Data -
---

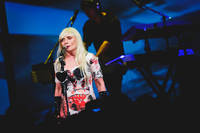 2014-06-10 - Blondie från Cirkus, Stockholm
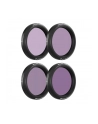 FREEWELL Osmo Action 5 Pro Bright Day 4-Pack - zestaw filtrów ND - nr 1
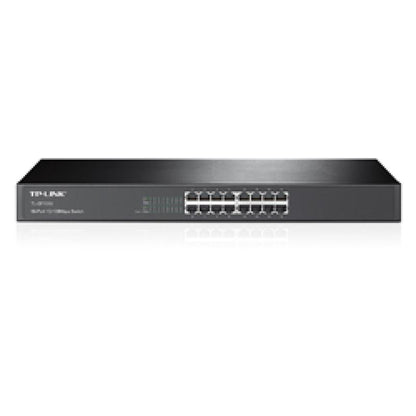 TP-LINK TPLINK Switch TL-SF1016 TLSF1016 (TL-SF1016)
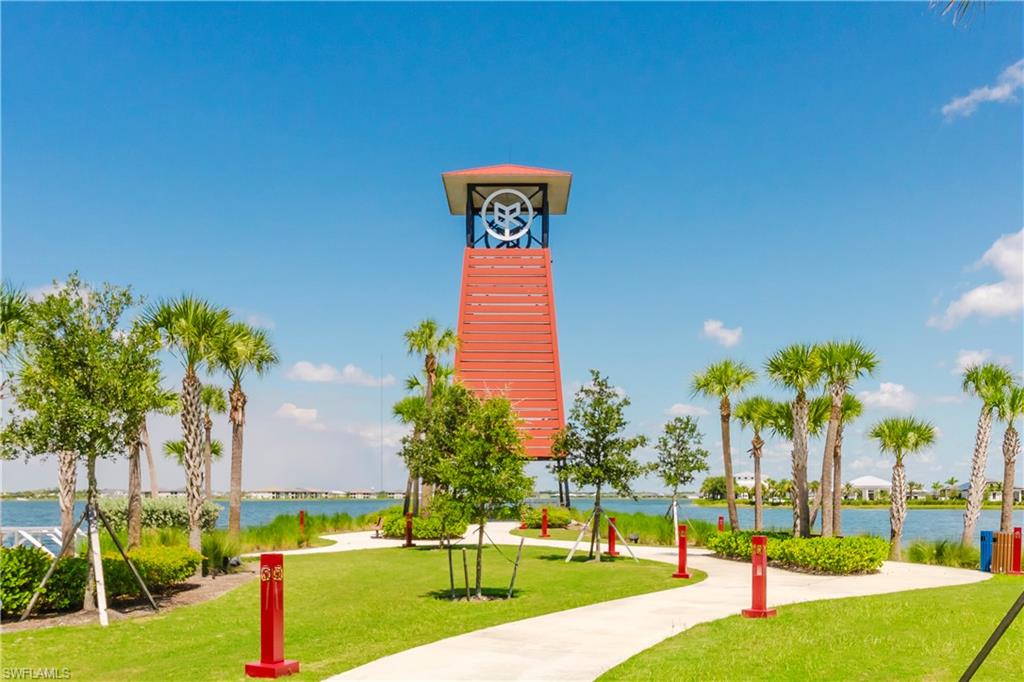 15345 Grn Acrs Avenue, Unit 2111 Babcock Ranch, FL 33982 - Photo 45 of 49 Babcock Ranch Cypress Lodge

---

Task brief - Write the material out again exactly. Do not include the pictures.

Written solution -
 2014-06-10 - Blondie från Cirkus, Stockholm
 FREEWELL Osmo Action 5 Pro Bright Day 4-Pack - zestaw filtrów ND - nr 1
 TP-LINK TPLINK Switch TL-SF1016 TLSF1016 (TL-SF1016)
 15345 Grn Acrs Avenue, Unit 2111 Babcock Ranch, FL 33982 - Photo 45 of 49 Babcock Ranch Cypress Lodge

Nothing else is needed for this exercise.